Ray Leach wrote:
On Wed, 2007-06-27 at 00:22 +0200, Martijn Lievaart wrote:
Jordan Russell wrote:
Hi,
My machine is functioning as a NAT box. It has two NICs:
- eth0, connected to the LAN, IP address 192.168.0.1
- eth1, connected to the Internet, IP address 123.23.23.23
(snip)
[outdrop] IN= OUT=eth1 SRC=123.23.23.23 DST=192.168.0.4 LEN=68 TOS=0x00
PREC=0xC0 TTL=64 ID=61136 PROTO=ICMP TYPE=3 CODE=3 [SRC=192.168.0.4
DST=123.23.23.23 LEN=40 TOS=0x00 PREC=0x20 TTL=53 ID=16088 PROTO=TCP
SPT=1229 DPT=44851 WINDOW=0 RES=0x00 ACK RST FIN URGP=0 ]

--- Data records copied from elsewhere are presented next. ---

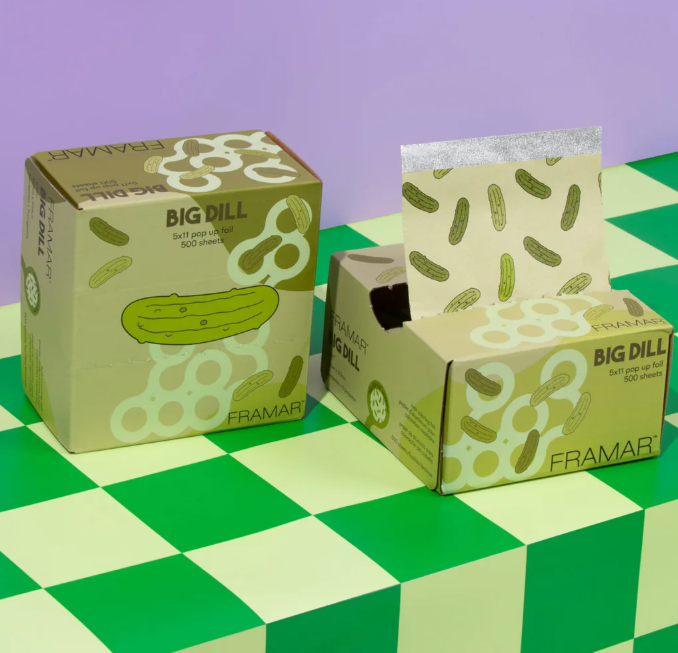 Framar Big Dill 5x11 Pop Up Foil - 500 Count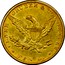 USA Ten D. Liberty Eagle 1861 KM# 68 * CLARK GRUBER & CO DENVER * TEN D. coin reverse
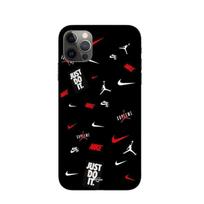Case - Maniacase - iPhone 15 Pro - Nike Jordan - Silicone - Soft - Black juoda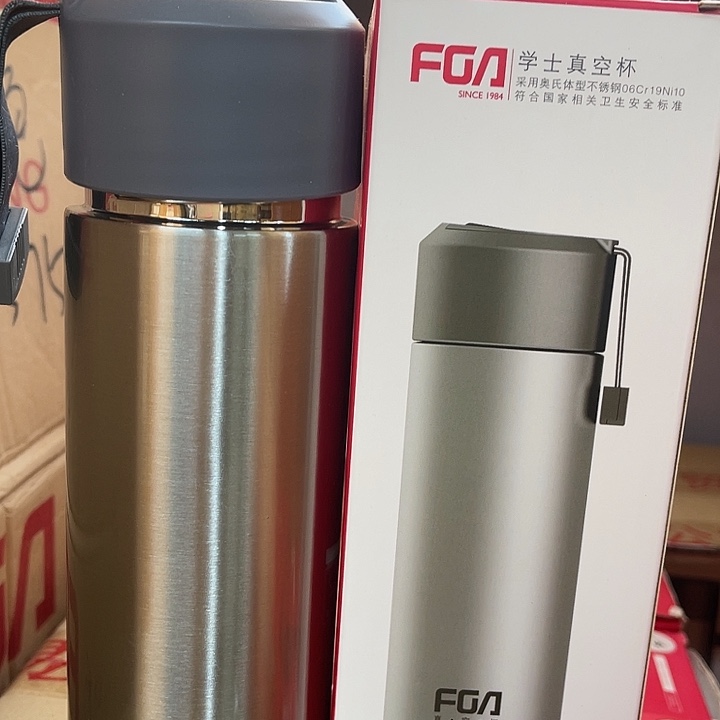 玻璃茶隔款富光保温杯提绳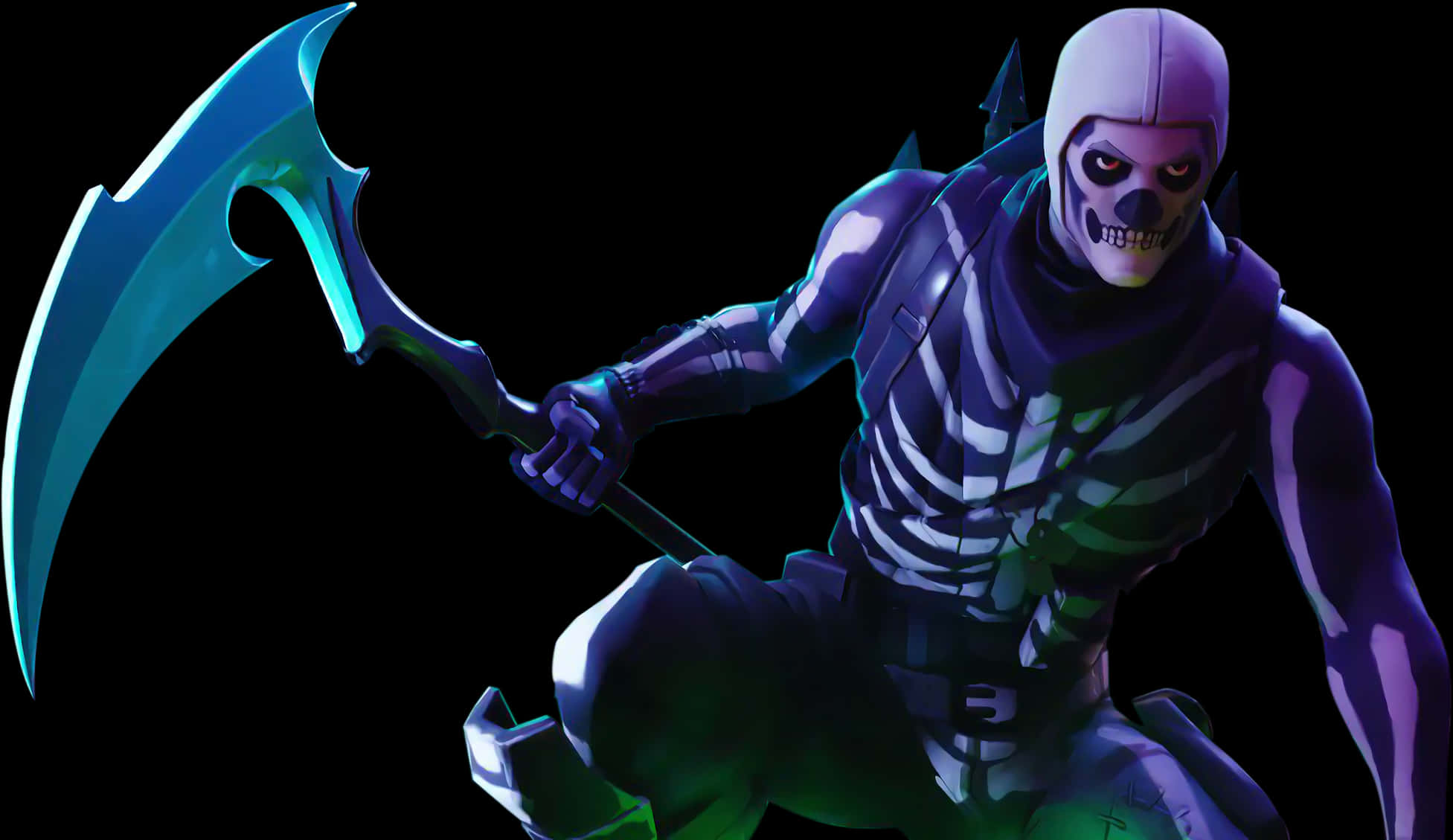 Скилл Трупер из Fortnite с косой Обои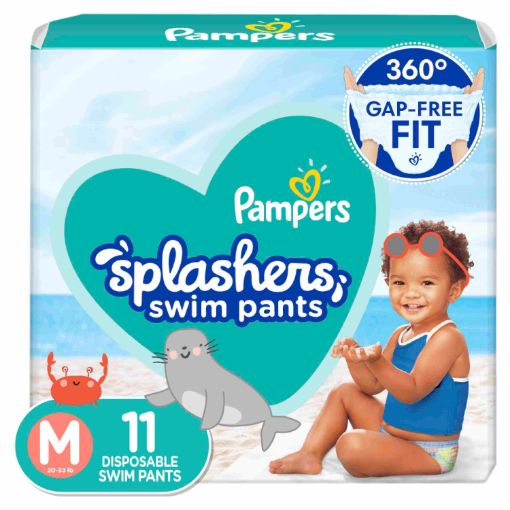Imagen de PAÑAL  PAMPERS SPLASHER DESECHABLE TALLA M 11.00 UND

That's a port unreachable message, seemingly coming from the outside, in
response to a RST coming from the inside. That in itself is not very
usual, but it can happen.
This packet going out the wrong interface seems like a pretty serious
bug. I advice you to repost on the netfilter-devel list, there are many
more people there that are really into this. However, this may be a bug
in the network code, not the netfilter code. Or something else completely.
HTH,
M4
Doesn't seem like a bug ...
The port unreachable ICMP replay is coming from your machine in response
to a packet coming in eth1 trying to get to 192.168.0.x ...
You have just denied the echo replies by youe DROP rule.
The source of the packet is 123.23.23.23, it comes from the Internet.
The destination is local. Why do you think this packet is generated locally?